Thursday, March 6, 2014

The Ethics of Divination: Choosing Your Seer

By Dianne Hardwick

Professionals have their regulatory bodies and codes of practice, but
individuals involved in mystical work are often self taught. This can
leave them feeling they are in something of a black hole when it comes
to dealing with the public appropriately. From the point of view of
the client, it makes it difficult to know who to choose for a reading.

Ethical principles should guide all practitioners of the divinatory
arts, whatever their field. Talking with a group of astrologers
confirmed for me that the same types of problems face all "readers"
whose clients have come seeking advice: dealing with difficult
questions; the possibility of tragic events; what to do when people
have depression or issues they cannot handle alone, and especially,
avoiding dependency and the pressure it places on the practitioner.

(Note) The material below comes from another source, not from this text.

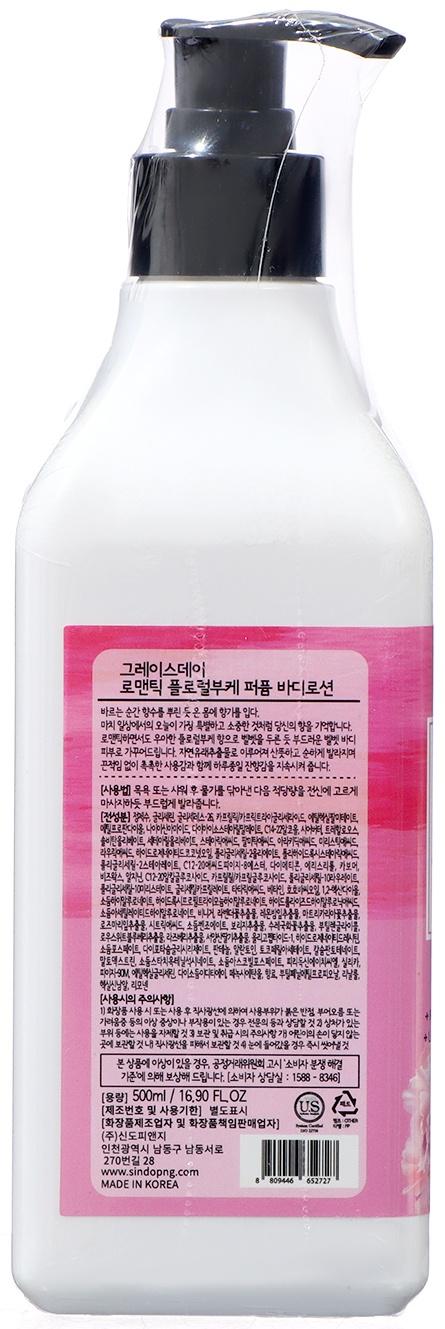 Лосьон для тела Grace Day парфюмированный, 500 мл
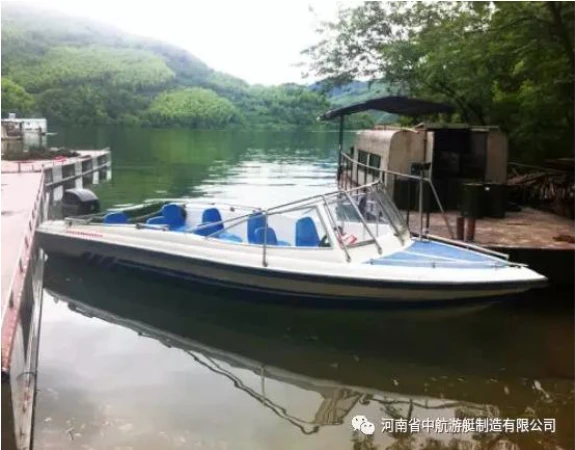 ZH520 敞口快艇2.png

It is dependency on the reader that I will discuss here and how
readers and their clients can avoid the problem.

Initially, I would say, be clear about motives. As a practitioner, I
think the best position is to have a set of strong values with regard
to your work that accord with your spiritual perspective. Being a
person who tries to live her life by Buddhist teachings I ask myself,
"What is my motivation in doing this kind of work?" The answer that
initially springs to mind is to help others by giving them the
insights gleaned from a reading, but it is more than that. It is to
empower others to choose for themselves how to deal more effectively
with problems in their lives by giving them information. Encouraging
clients to become dependent on more and more readings is not ethical.

Client dependency usually occurs when people have a simplistic view of
divination. They believe that a reading reveals "Fate" – a future
written in tablets of stone that cannot be avoided. They see
themselves in the role of puppets on a stage where larger forces are
pulling the strings. If they get the "wrong answer" to their queries
then real stress can result and clients can pressure readers to tell
them what they want to hear by asking the same question again and
again, until they get the "right" answer. It's easy to forget how much
the client invests in what a reader says and how careful readers need
to be when faced with someone overwhelmed by life problems.

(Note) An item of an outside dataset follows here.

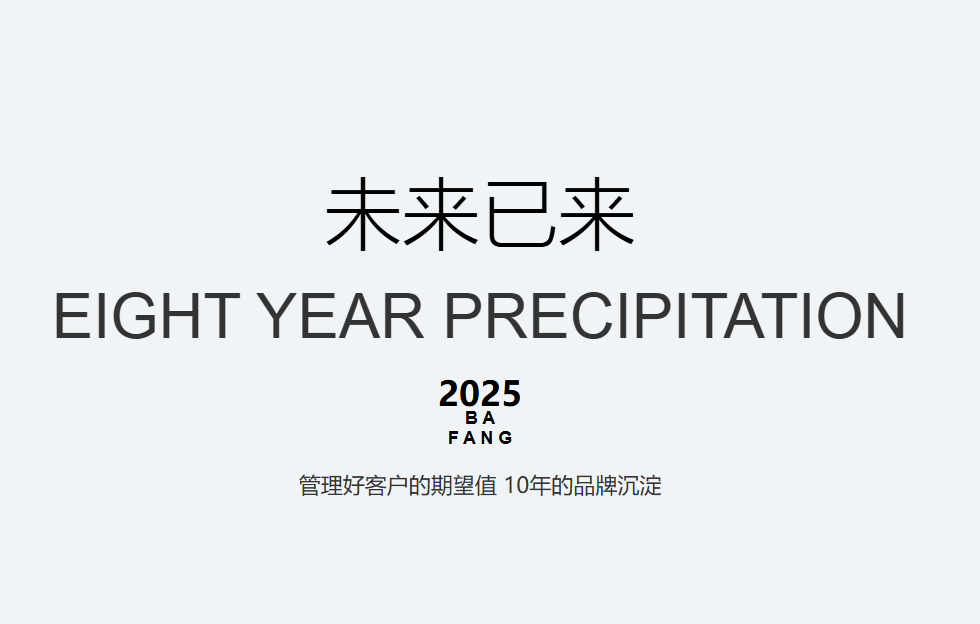 传统企业互联网推广：：：痛点拆解与破局蹊径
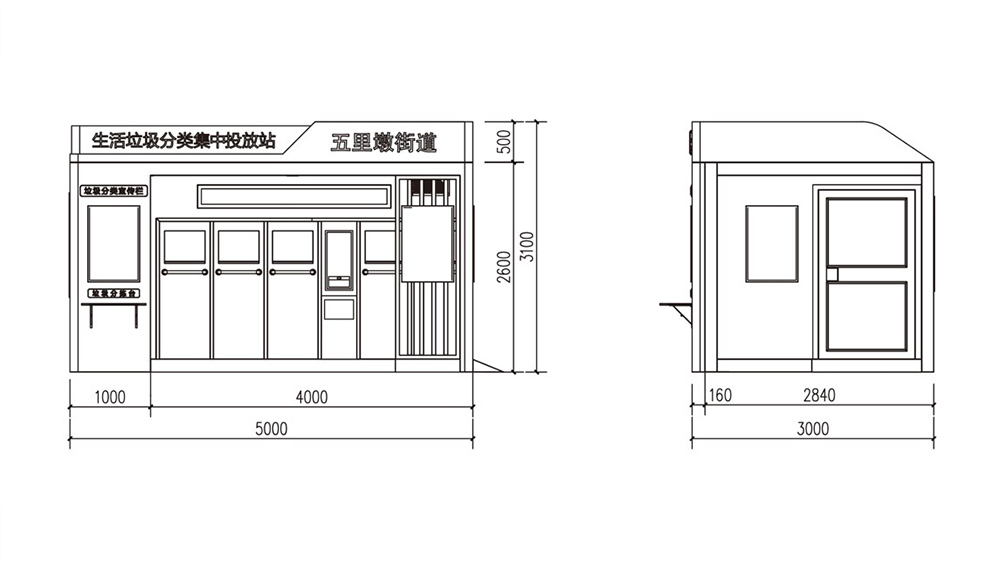貓智造智能垃圾房，垃圾分類設(shè)備定制，垃圾房尺寸圖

The Tarot cards show potentials, trends and possibilities for a person
at any one time. At no stage does that person lose their free will.
Readers need to show clients how they have choices and need to be
proactive in their lives. "If you follow this path, then X may occur.
If you follow that path then Y is more likely". Does anybody get a new
job or a new romance if they don't make some moves towards their goal?

A good reading should show ways of making desirable changes. If you
are a client looking for a reader who can give you real insight into
your possibilities then you should be looking for someone who has the
insight to explain things in this way.

At no time should you feel you have lost control of your choices. The
purpose of divination is to seek guidance not intimidation. Both
"seers" and clients need to adopt an exploratory frame of mind in a
reading rather than a predictive one and clients should ask, when they
book a reading, "How do you work? Is there only one answer to a
problem or am I free to explore the possibilities open to me?"